Selain itu, ITDC juga telah membangun fasilitas penunjang di kawasan Mandalika yang berasal dari EBT, antara lain penerangan jalan umum (PJU) dan charging station berbasis tenaga surya hingga pemanfaatan lahan untuk solar farm. Saat ini sebanyak 541 unit penerang jalan umum (PJU) berbasis tenaga surya telah terpasang dan tersebar di sejumlah titik dalam kawasan The Mandalika. Sebanyak lima unit charging station berbasis solar cell juga tersebar di Kuta Beach Park dan Pertamina Mandalika Circuit.
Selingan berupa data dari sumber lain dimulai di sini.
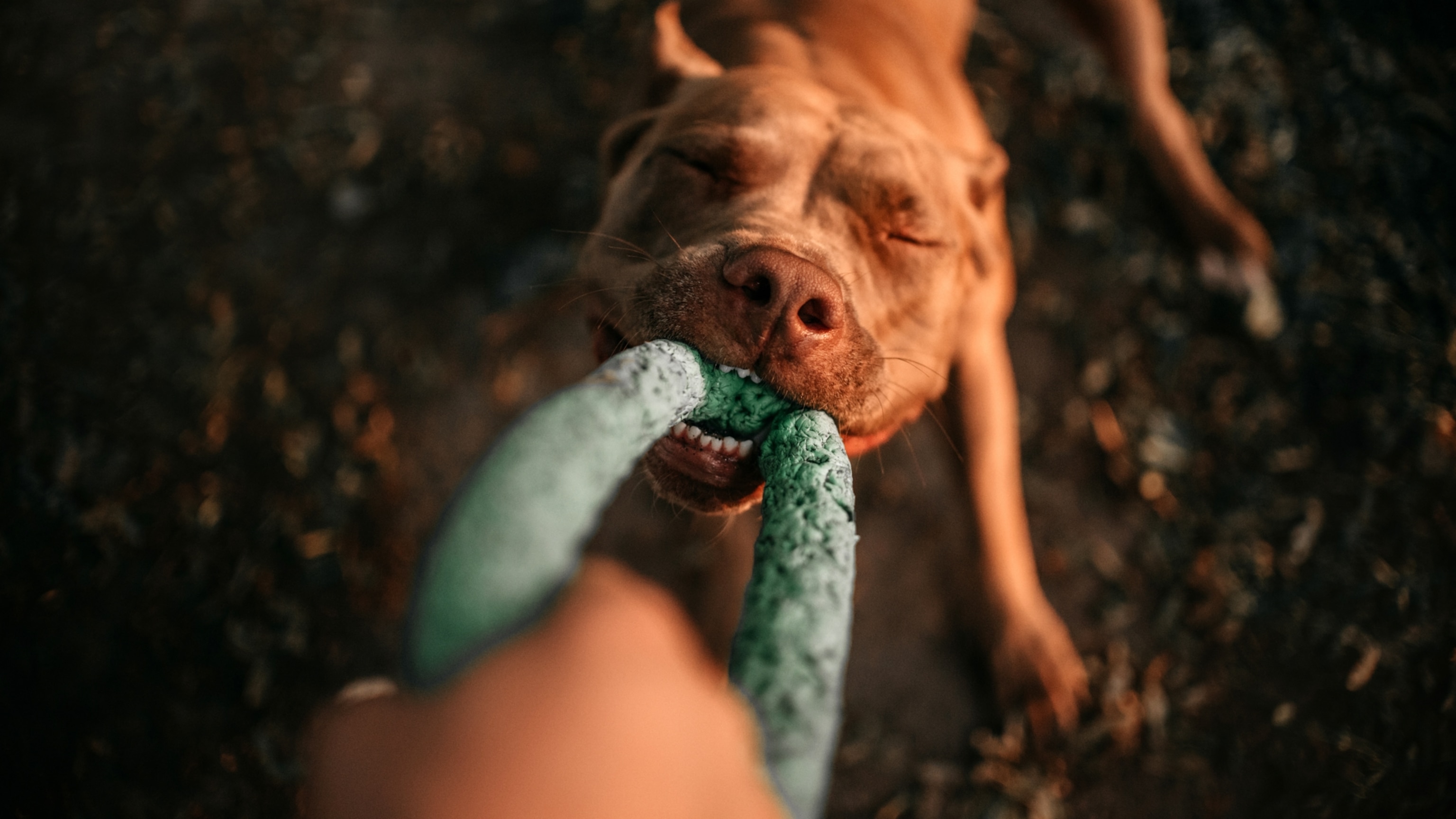 Your dog really might be addicted to that toy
“ Instalasi PJU dibangun sebagai bagian dari program Mandalika Urban Tourism and Infrastructure Project (MUTIP), sementara fasilitas publik charging station disiapkan melalui kolaborasi antara Kementerian Pariwisata dan Ekonomi Kreatif (Kemenparekraf) dan Yayasan Sinar Utama Nusantara (SUN). Selain itu, ITDC akan menyediakan lahan seluas 24,9 ha untuk penyediaan solar farm di zona tengah kawasan The Mandalika yang akan dikerjasamakan dengan calon investor, “ terangnya.
ITDC juga menyediakan moda transportasi berupa 20 unit motor listrik, 4 unit buggy, dan 5 unit segway untuk menunjang aktivitas operasional kawasan. Ditambah Sea Water Reverse Osmosis (SWRO) yang berfungsi untuk mengolah air laut menjadi air bersih yang dapat dikonsumsi untuk memenuhi kebutuhan air bersih di dalam kawasan.
“Jumlah jaringan utilitas di dalam kawasan inipun tidak hanya berhenti saat ini saja, melainkan akan terus bertambah seiring dengan penambahan infrastruktur dasar yang terus berkembang di The Mandalika, “ kata Mirayana.
Ditanya mengenai uji emisi pada ajang balapan motor, Miryana menjawab acuannya Dorna Sport. Dikutip speedweek.com, penerapannya dimulai secara bertahap, di mana pada 2024 porsi penggunaan bahan bakar non-fosil hingga 40 persen untuk semua kelas FIM Gand Prix World Championship. Dan pada 2027, penggunaan bahan bakar non-fosil ditargetkan mencapai 100 persen.
“Dengan harapan dapat memenuhi fasilitas kawasan sebagai destinasi pariwisata bertaraf internasional dengan konsep pariwisata berkelanjutan atau sustainable tourism,“pungkasnya.